• [Work to complete] Word for word, restate the lines of the listing below from the line with "Останній етап великого" through the line with "Букет цветов из: Ирисы, Хризантемы", and do not include the pictures.

• [Dataset]
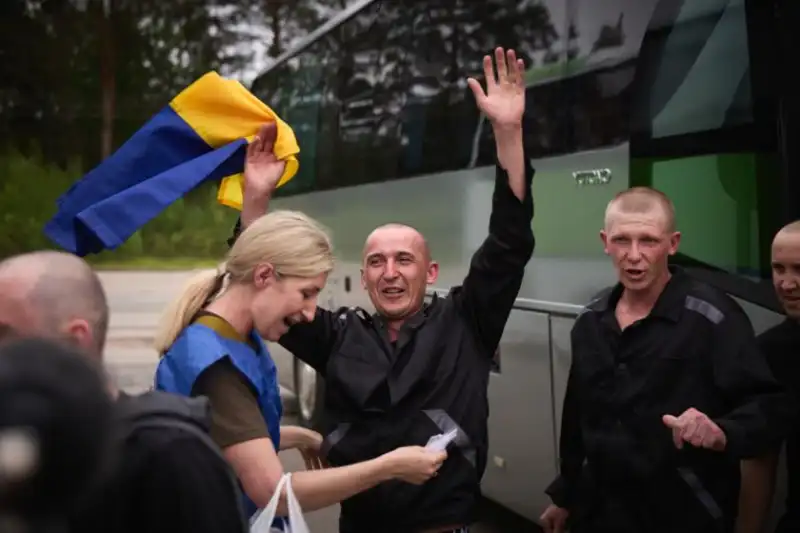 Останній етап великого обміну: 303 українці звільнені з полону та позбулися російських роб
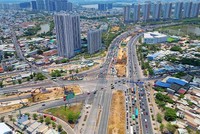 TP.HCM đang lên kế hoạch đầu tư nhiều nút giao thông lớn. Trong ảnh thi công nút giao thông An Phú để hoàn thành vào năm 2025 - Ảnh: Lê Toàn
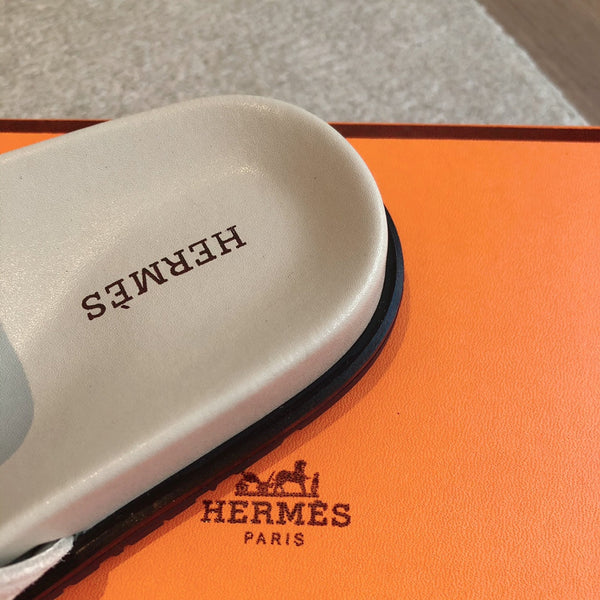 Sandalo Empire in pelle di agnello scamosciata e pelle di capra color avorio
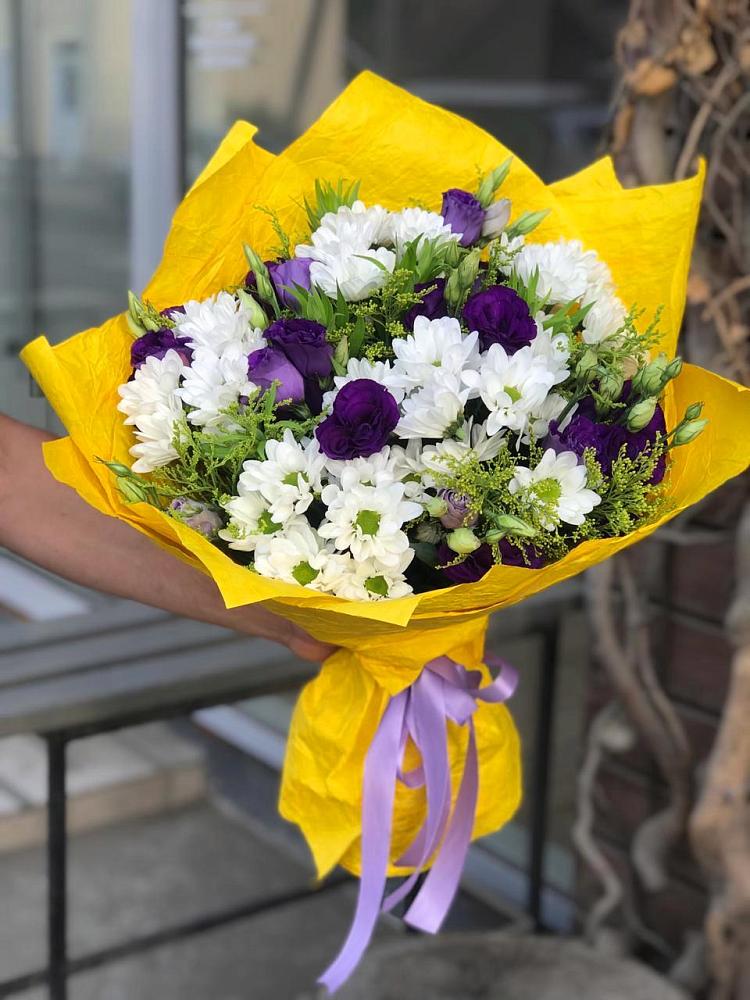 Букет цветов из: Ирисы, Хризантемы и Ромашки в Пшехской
==
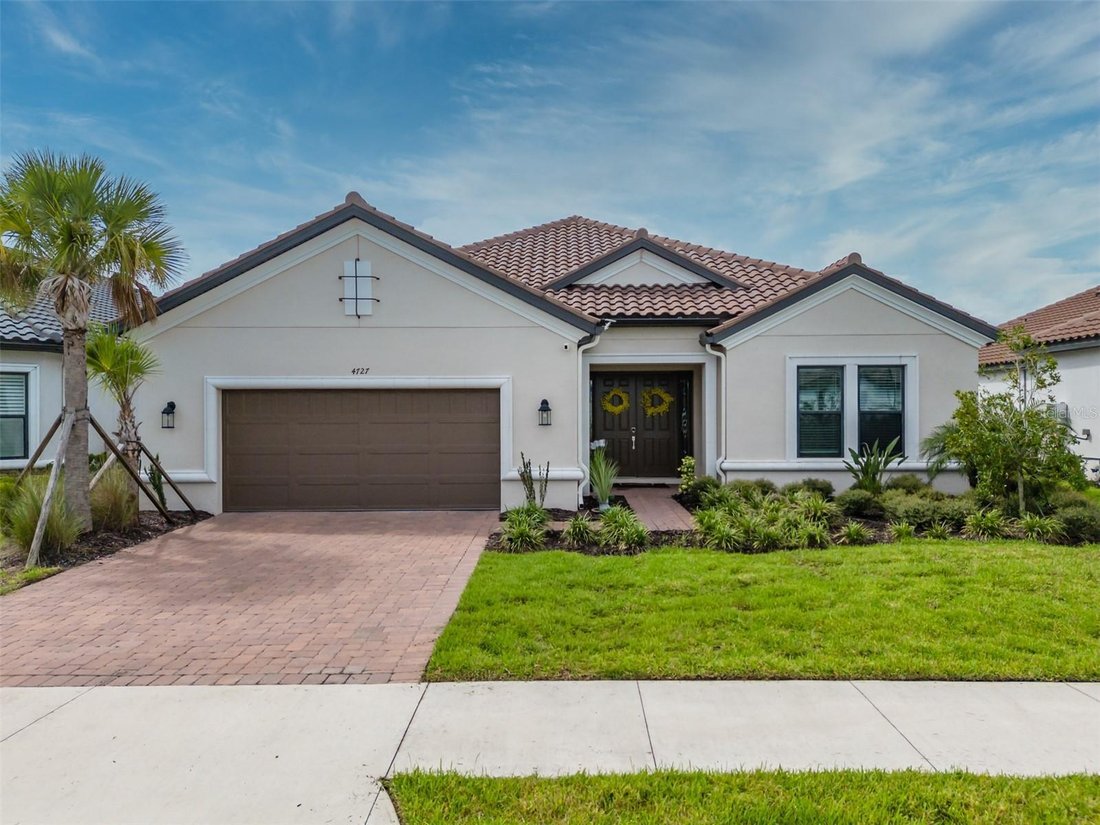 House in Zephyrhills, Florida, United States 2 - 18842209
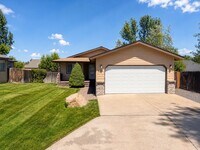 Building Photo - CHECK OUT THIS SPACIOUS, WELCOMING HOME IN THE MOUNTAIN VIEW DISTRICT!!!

• [Result]
 Останній етап великого обміну: 303 українці звільнені з полону та позбулися російських роб
 TP.HCM đang lên kế hoạch đầu tư nhiều nút giao thông lớn. Trong ảnh thi công nút giao thông An Phú để hoàn thành vào năm 2025 - Ảnh: Lê Toàn
 Sandalo Empire in pelle di agnello scamosciata e pelle di capra color avorio
 Букет цветов из: Ирисы, Хризантемы и Ромашки в Пшехской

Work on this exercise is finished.